Up to 59% fidelity improvement for QAOA on heavy-hexagon architecture

Up to 14% fidelity improvement on grid architecture for QAOA

11% and 605% fidelity improvements for QCNN on heavy-hexagon and grid architectures

Abstract

With the steady progress in quantum computing over recent years, roadmaps for upscaling quantum processors have relied heavily on the targeted qubit architectures. So far, similarly to the early age of classical computing, these designs have been crafted by human experts. These general-purpose architectures, however, leave room for customization and optimization, especially when targeting popular near-term QC applications. In classical computing, customized architectures have demonstrated significant performance and energy efficiency gains over general-purpose counterparts. In this paper, we present a framework for optimizing quantum architectures, specifically through customizing qubit connectivity.

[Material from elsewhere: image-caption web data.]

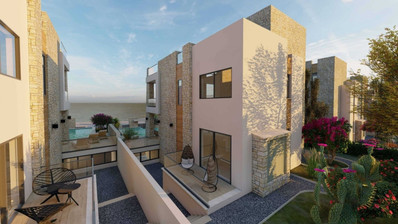 Four bedroom luxury villa with an extra bedroom at basement by the sea in Chloraka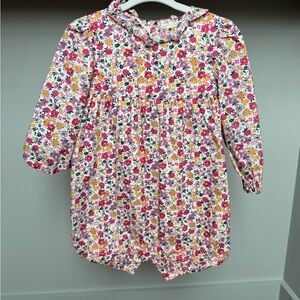 Baby Boden Floral One Piece - Pink, Yellow, Green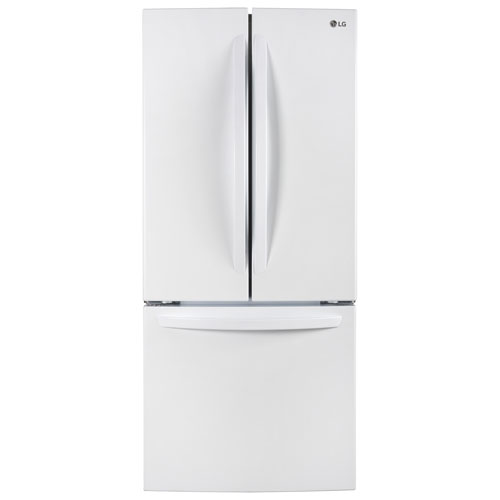 Réfrigérateur à deux portes de 21,8 pi³ et 30 po de LG - Blanc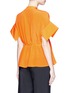 Back View - Click To Enlarge - VICTORIA, VICTORIA BECKHAM - Kick flare silk crepe de Chine blouse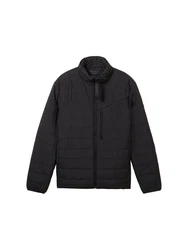 TOM TAILOR Manteljacke Outdoorjacke Schwarz/Grau/Dunkelgrau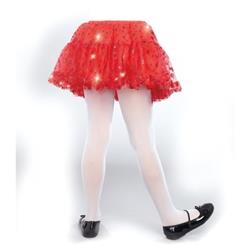 Dreamgirl 245552 Red Sparkle Child Petticoat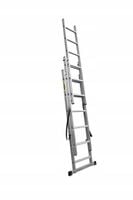 DRABINA ALUMINIOWA 3-ELEMENTOWA EASY 297CM 666 SZCZEBLI BR-00-4216 BRAKET
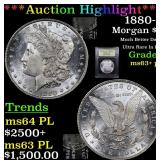 *Highlight* 1880-o Morgan $1 Graded Select Unc+ PL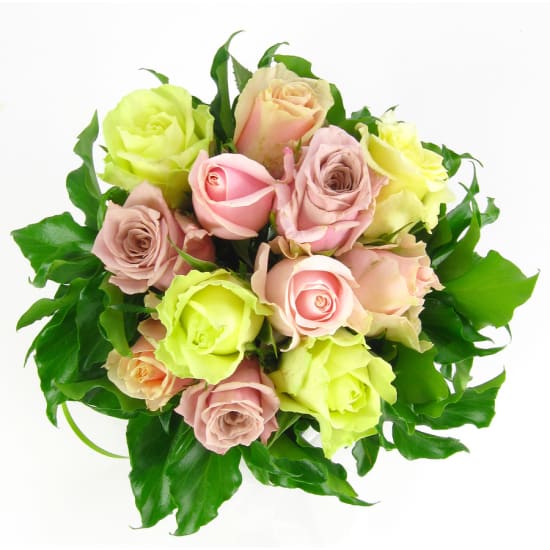 Mixed Nude Rose Vase - Standard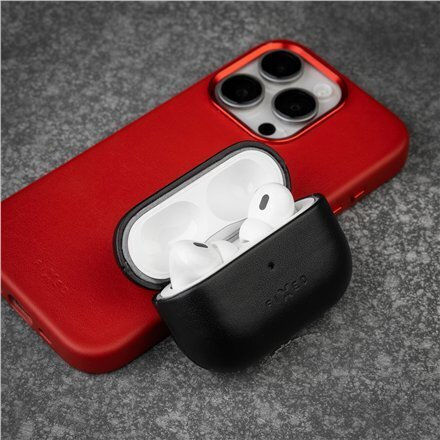 Fixed Θήκη Δερμάτινη σε Μαύρο χρώμα για Apple AirPods Pro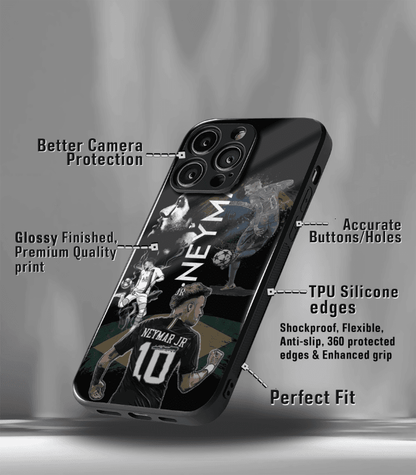 Neymar Junior GOAT edition Premium Glossy Phone Case.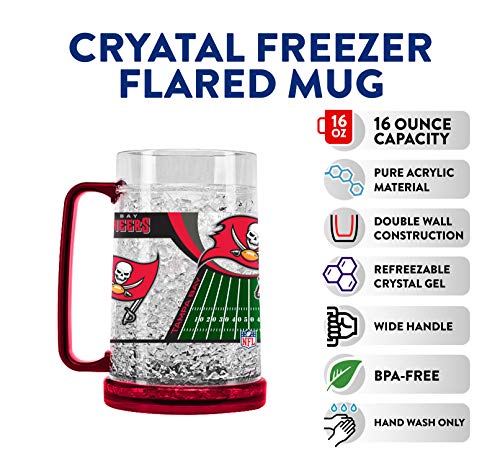 NFL Tampa Bay Buccaneers 16oz Crystal Freezer Mug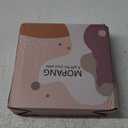 MOPANG Ceramic Slow Feeder Dog Bowls, 0.6 Cup Slow Feeder for Small Dogs and Cats, Puzzle Maze Bowl, Prevents Choking, 6in, Black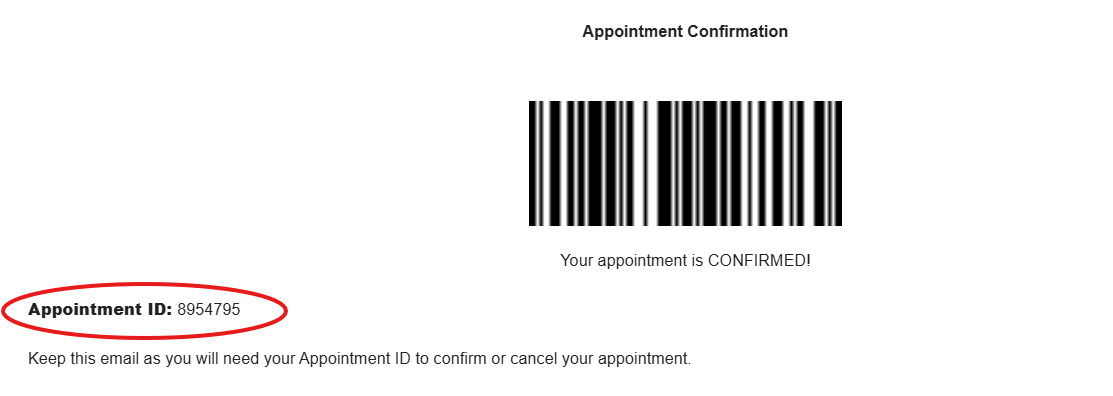 Appointment Confirmation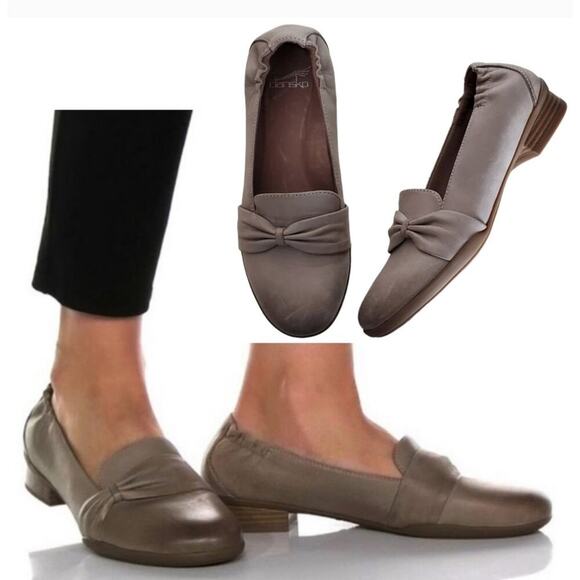 Dansko Karen Taupe Slip-on Loafers size 38 - Picture 1 of 9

It is the first work that (1) provides performance guarantees by integrating architecture optimization with an optimal compiler, (2) evaluates the impact of connectivity customization under a realistic crosstalk error model, and (3) benchmarks on realistic circuits of near-term interest, such as the quantum approximate optimization algorithm (QAOA) and quantum convolutional neural network (QCNN). We demonstrate up to 59% fidelity improvement in simulation by optimizing the heavy-hexagon architecture for QAOA circuits, and up to 14% improvement on the grid architecture. For the QCNN circuit, architecture optimization improves fidelity by 11% on the heavy-hexagon architecture and 605% on the grid architecture.